■ **Task to complete**
Exactly the lines from the opening of the records through the line containing "Екзоскелети Hypershell у" should be copied, with both included.

### Entries shown ###

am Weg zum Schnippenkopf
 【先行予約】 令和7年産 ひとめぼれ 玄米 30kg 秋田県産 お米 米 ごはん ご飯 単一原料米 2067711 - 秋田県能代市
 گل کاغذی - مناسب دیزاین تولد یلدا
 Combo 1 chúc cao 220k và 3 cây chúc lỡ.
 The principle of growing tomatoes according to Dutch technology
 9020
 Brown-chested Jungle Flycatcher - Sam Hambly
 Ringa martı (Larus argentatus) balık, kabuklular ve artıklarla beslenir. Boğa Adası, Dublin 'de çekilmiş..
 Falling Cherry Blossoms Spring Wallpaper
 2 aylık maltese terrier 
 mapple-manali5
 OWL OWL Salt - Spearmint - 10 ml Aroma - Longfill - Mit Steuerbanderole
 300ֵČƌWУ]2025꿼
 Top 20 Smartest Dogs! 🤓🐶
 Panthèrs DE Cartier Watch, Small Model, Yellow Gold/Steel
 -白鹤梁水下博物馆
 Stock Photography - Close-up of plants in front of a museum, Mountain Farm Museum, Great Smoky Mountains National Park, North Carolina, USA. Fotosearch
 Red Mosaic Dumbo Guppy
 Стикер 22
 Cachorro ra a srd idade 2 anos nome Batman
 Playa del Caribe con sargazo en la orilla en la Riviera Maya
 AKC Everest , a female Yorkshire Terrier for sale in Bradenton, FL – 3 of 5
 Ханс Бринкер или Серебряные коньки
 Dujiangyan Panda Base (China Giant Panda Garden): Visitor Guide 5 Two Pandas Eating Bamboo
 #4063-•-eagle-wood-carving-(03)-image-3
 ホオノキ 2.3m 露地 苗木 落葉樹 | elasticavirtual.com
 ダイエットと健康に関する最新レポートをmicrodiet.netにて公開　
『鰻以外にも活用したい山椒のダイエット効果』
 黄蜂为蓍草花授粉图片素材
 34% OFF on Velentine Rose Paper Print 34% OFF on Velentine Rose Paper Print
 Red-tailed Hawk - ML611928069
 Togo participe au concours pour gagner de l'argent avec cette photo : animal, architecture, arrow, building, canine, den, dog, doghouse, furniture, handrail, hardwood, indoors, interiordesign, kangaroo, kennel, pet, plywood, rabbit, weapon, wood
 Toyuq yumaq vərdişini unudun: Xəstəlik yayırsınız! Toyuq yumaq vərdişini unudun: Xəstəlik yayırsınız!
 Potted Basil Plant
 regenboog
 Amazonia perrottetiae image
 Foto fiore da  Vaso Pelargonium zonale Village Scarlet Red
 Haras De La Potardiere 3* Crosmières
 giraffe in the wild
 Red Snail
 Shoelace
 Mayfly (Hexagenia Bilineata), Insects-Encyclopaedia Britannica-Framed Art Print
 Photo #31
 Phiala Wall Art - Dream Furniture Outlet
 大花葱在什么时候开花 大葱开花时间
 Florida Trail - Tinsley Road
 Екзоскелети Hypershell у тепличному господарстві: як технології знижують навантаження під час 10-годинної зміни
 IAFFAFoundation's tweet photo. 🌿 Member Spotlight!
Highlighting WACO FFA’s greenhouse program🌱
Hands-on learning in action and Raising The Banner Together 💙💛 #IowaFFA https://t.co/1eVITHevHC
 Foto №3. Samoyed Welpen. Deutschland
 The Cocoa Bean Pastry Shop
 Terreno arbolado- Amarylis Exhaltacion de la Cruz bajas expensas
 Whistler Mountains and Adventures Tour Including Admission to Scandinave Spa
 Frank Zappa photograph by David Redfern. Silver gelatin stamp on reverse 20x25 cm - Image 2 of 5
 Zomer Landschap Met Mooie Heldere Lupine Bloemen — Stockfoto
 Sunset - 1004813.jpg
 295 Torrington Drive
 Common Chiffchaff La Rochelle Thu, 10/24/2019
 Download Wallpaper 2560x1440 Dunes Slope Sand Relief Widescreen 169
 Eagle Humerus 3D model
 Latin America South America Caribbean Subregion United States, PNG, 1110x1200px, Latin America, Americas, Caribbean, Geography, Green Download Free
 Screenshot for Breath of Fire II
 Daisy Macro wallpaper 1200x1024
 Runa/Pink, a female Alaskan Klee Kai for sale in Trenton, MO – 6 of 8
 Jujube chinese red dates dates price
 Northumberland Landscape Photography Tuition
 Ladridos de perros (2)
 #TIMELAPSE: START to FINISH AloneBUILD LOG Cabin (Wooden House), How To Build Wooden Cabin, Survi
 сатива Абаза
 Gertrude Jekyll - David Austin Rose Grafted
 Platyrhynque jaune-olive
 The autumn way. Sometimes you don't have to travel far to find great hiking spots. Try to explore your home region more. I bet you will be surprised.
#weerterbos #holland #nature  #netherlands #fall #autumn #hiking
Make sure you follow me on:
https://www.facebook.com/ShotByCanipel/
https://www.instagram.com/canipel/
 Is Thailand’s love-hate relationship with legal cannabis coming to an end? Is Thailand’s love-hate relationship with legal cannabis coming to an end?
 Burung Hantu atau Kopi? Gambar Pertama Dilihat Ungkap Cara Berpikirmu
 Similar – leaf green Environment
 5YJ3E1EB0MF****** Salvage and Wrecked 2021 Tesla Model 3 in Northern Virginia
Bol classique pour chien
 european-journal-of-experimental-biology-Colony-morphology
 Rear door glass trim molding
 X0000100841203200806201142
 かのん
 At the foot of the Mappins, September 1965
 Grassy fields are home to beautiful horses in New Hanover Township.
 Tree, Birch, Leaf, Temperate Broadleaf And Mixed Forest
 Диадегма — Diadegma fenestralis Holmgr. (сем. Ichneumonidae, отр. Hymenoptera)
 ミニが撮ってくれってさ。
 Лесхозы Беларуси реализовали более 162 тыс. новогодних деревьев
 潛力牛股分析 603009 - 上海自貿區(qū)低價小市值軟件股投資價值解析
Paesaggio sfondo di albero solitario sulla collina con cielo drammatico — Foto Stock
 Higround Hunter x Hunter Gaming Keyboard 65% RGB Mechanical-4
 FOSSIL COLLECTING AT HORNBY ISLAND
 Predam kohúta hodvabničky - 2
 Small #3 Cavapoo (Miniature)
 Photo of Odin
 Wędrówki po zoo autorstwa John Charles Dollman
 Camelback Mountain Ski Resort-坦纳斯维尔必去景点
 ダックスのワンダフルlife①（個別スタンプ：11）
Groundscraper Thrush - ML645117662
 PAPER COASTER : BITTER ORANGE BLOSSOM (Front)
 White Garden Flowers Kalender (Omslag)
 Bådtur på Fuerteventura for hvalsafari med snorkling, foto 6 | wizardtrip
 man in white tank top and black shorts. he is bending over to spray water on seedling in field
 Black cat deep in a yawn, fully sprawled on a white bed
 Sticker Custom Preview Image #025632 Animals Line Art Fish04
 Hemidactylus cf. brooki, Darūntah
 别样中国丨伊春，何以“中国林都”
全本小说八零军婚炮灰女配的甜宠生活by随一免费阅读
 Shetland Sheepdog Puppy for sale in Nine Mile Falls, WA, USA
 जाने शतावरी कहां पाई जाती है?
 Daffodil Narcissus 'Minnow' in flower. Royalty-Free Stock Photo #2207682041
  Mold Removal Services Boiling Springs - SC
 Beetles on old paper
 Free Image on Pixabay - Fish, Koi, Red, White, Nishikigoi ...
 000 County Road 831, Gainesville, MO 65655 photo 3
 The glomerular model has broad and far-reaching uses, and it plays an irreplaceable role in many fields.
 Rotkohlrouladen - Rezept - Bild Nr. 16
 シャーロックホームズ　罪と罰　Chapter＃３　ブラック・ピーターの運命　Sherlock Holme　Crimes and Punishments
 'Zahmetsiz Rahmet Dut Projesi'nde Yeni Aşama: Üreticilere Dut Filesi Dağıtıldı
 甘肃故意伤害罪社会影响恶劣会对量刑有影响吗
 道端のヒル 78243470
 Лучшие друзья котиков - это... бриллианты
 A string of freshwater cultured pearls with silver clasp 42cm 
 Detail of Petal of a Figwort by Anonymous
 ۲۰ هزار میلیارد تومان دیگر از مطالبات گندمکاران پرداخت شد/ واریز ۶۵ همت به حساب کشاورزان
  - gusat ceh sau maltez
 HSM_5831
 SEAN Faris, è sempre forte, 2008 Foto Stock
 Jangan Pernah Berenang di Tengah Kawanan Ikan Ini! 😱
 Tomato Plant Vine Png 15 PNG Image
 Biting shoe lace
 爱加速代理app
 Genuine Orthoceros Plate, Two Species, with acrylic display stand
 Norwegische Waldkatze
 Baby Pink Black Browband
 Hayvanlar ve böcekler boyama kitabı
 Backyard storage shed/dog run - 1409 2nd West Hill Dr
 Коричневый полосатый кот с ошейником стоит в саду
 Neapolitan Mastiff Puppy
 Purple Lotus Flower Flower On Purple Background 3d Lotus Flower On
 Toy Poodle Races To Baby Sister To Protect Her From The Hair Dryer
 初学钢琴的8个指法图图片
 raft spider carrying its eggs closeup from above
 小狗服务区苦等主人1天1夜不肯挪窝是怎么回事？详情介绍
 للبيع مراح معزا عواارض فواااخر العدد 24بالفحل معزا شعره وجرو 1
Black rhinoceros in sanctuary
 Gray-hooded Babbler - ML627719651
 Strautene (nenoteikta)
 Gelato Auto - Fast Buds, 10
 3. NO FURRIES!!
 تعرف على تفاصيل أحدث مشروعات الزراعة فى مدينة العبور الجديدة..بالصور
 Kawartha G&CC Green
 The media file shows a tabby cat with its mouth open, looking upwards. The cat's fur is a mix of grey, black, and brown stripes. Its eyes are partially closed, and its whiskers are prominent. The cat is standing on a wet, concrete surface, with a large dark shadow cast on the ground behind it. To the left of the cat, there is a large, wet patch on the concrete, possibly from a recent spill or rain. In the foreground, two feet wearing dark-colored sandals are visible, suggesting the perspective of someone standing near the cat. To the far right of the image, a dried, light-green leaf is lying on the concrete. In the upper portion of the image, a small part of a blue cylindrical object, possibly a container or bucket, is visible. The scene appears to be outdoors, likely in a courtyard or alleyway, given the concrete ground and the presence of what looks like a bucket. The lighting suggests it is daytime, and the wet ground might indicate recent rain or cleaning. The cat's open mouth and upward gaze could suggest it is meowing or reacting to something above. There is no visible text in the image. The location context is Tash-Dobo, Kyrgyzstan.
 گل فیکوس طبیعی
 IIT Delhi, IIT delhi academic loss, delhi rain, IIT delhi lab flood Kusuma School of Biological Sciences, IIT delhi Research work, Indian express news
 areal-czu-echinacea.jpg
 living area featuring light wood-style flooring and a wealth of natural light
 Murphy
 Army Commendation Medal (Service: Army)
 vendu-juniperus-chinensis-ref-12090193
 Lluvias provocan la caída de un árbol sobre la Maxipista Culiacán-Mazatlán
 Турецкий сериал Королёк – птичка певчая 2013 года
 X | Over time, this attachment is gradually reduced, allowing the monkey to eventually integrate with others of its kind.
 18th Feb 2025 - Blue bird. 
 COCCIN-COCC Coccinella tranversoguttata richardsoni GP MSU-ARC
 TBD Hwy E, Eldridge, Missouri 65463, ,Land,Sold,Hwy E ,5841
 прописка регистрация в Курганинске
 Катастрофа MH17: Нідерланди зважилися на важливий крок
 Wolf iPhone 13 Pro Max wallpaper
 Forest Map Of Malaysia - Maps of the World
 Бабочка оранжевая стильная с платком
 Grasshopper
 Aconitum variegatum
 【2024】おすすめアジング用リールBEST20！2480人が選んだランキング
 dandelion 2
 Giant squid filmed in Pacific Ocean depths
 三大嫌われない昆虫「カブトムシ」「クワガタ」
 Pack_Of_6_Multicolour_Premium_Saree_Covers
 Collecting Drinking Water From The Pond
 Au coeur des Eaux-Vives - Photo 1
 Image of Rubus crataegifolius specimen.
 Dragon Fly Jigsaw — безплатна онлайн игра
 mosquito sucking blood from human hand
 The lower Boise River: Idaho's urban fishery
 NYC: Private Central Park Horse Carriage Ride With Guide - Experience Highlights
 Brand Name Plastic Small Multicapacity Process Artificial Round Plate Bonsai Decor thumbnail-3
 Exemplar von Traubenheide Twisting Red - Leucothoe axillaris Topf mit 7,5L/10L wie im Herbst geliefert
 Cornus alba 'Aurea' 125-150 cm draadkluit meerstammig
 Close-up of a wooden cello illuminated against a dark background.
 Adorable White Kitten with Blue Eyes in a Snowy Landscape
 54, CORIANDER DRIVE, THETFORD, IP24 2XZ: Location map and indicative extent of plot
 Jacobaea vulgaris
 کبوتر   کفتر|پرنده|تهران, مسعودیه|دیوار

###

■ **Task output**
am Weg zum Schnippenkopf
 【先行予約】 令和7年産 ひとめぼれ 玄米 30kg 秋田県産 お米 米 ごはん ご飯 単一原料米 2067711 - 秋田県能代市
 گل کاغذی - مناسب دیزاین تولد یلدا
 Combo 1 chúc cao 220k và 3 cây chúc lỡ.
 The principle of growing tomatoes according to Dutch technology
 9020
 Brown-chested Jungle Flycatcher - Sam Hambly
 Ringa martı (Larus argentatus) balık, kabuklular ve artıklarla beslenir. Boğa Adası, Dublin 'de çekilmiş..
 Falling Cherry Blossoms Spring Wallpaper
 2 aylık maltese terrier 
 mapple-manali5
 OWL OWL Salt - Spearmint - 10 ml Aroma - Longfill - Mit Steuerbanderole
 300ֵČƌWУ]2025꿼
 Top 20 Smartest Dogs! 🤓🐶
 Panthèrs DE Cartier Watch, Small Model, Yellow Gold/Steel
 -白鹤梁水下博物馆
 Stock Photography - Close-up of plants in front of a museum, Mountain Farm Museum, Great Smoky Mountains National Park, North Carolina, USA. Fotosearch
 Red Mosaic Dumbo Guppy
 Стикер 22
 Cachorro ra a srd idade 2 anos nome Batman
 Playa del Caribe con sargazo en la orilla en la Riviera Maya
 AKC Everest , a female Yorkshire Terrier for sale in Bradenton, FL – 3 of 5
 Ханс Бринкер или Серебряные коньки
 Dujiangyan Panda Base (China Giant Panda Garden): Visitor Guide 5 Two Pandas Eating Bamboo
 #4063-•-eagle-wood-carving-(03)-image-3
 ホオノキ 2.3m 露地 苗木 落葉樹 | elasticavirtual.com
 ダイエットと健康に関する最新レポートをmicrodiet.netにて公開　
『鰻以外にも活用したい山椒のダイエット効果』
 黄蜂为蓍草花授粉图片素材
 34% OFF on Velentine Rose Paper Print 34% OFF on Velentine Rose Paper Print
 Red-tailed Hawk - ML611928069
 Togo participe au concours pour gagner de l'argent avec cette photo : animal, architecture, arrow, building, canine, den, dog, doghouse, furniture, handrail, hardwood, indoors, interiordesign, kangaroo, kennel, pet, plywood, rabbit, weapon, wood
 Toyuq yumaq vərdişini unudun: Xəstəlik yayırsınız! Toyuq yumaq vərdişini unudun: Xəstəlik yayırsınız!
 Potted Basil Plant
 regenboog
 Amazonia perrottetiae image
 Foto fiore da  Vaso Pelargonium zonale Village Scarlet Red
 Haras De La Potardiere 3* Crosmières
 giraffe in the wild
 Red Snail
 Shoelace
 Mayfly (Hexagenia Bilineata), Insects-Encyclopaedia Britannica-Framed Art Print
 Photo #31
 Phiala Wall Art - Dream Furniture Outlet
 大花葱在什么时候开花 大葱开花时间
 Florida Trail - Tinsley Road
 Екзоскелети Hypershell у тепличному господарстві: як технології знижують навантаження під час 10-годинної зміни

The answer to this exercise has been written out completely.